• Task item:
Emit a verbatim copy of the lines below from the line with "Трековый светодиодный светильник" through the line with "Натуральный шампунь для собак", excluding pictures and everything outside that range.

• Data for processing:
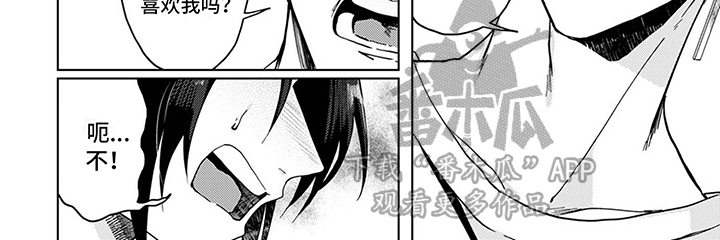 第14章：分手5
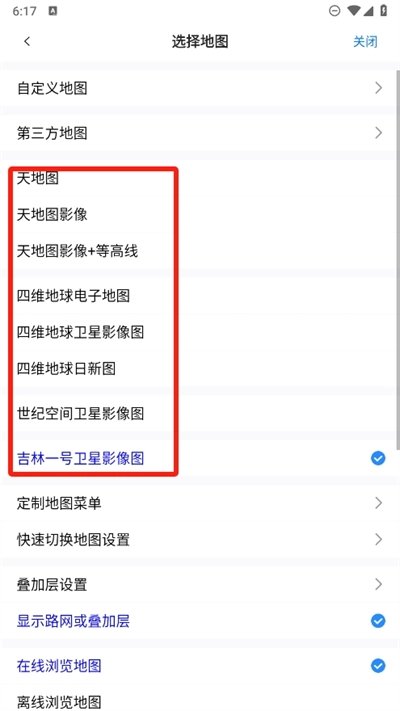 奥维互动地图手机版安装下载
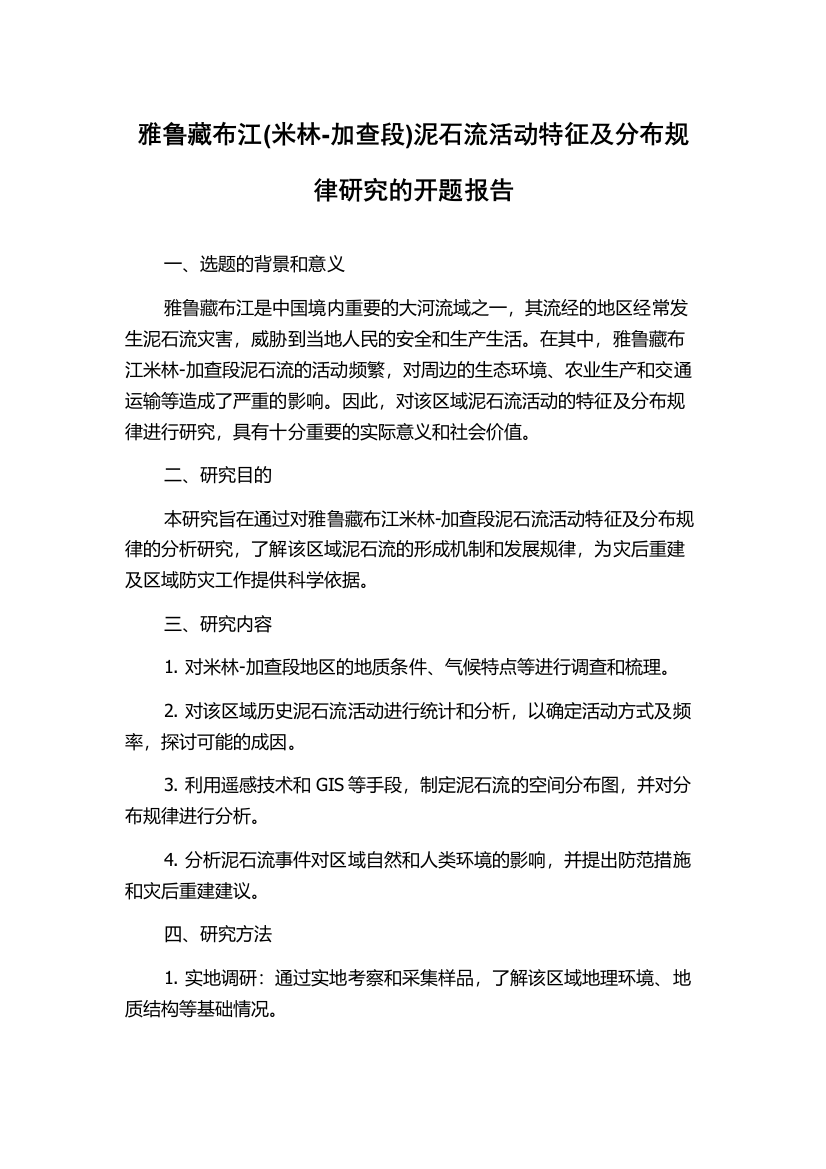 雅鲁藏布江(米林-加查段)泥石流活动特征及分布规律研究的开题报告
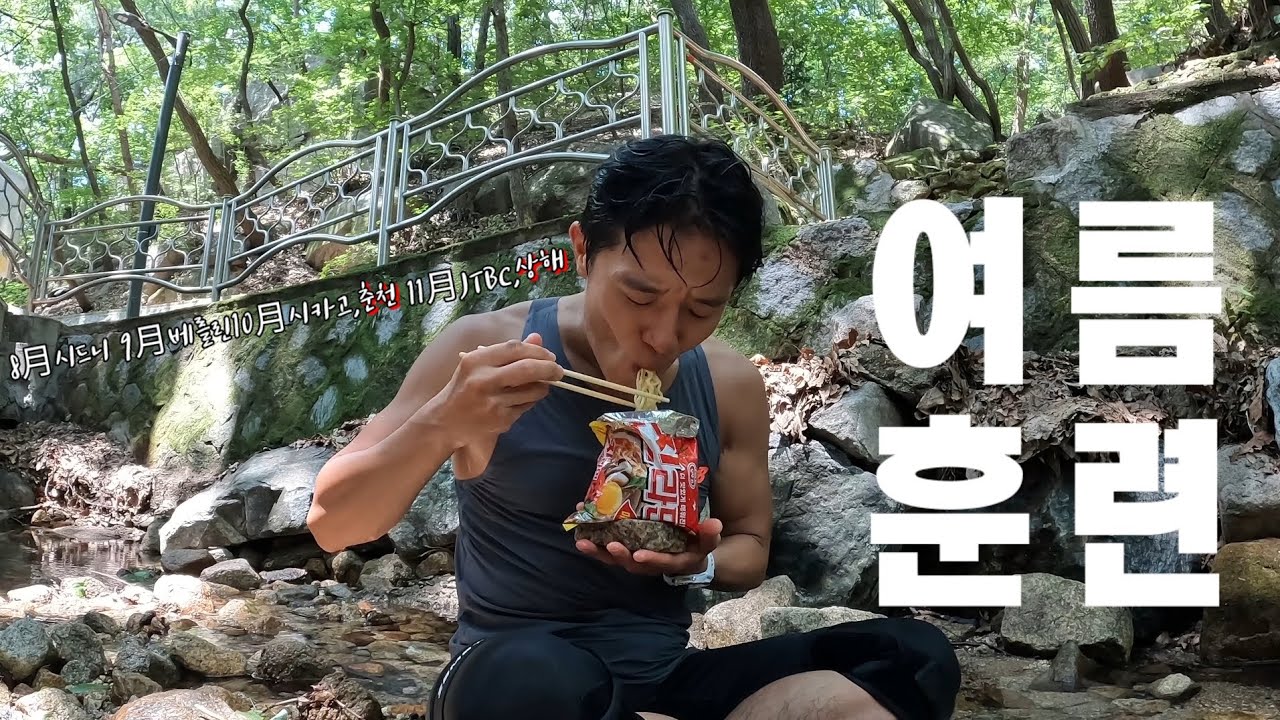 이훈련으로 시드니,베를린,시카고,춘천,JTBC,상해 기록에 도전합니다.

* * *

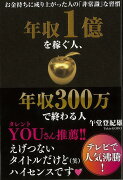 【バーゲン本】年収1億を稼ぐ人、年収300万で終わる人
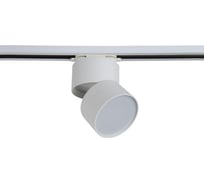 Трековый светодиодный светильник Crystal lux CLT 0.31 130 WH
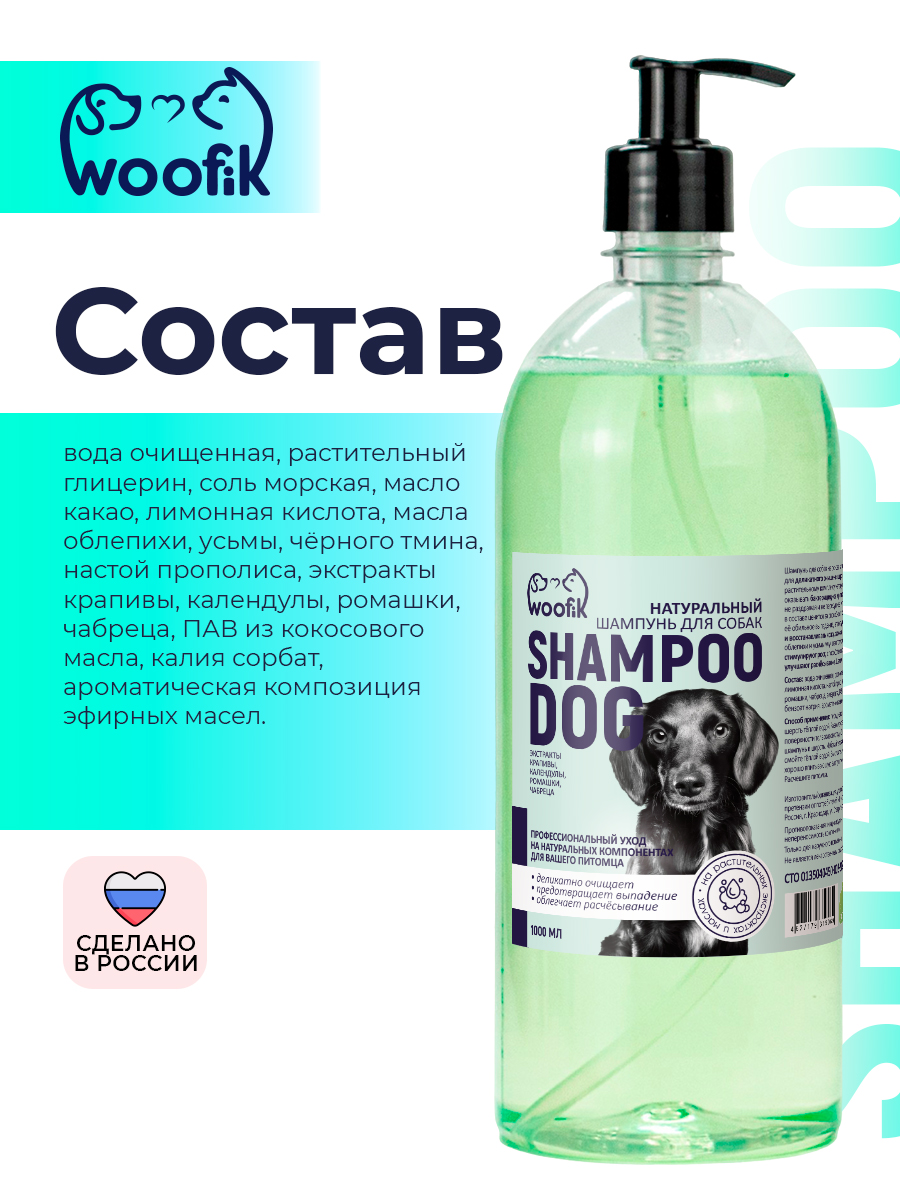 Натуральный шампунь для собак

• Answer box:
 Трековый светодиодный светильник Crystal lux CLT 0.31 130 WH
 Натуральный шампунь для собак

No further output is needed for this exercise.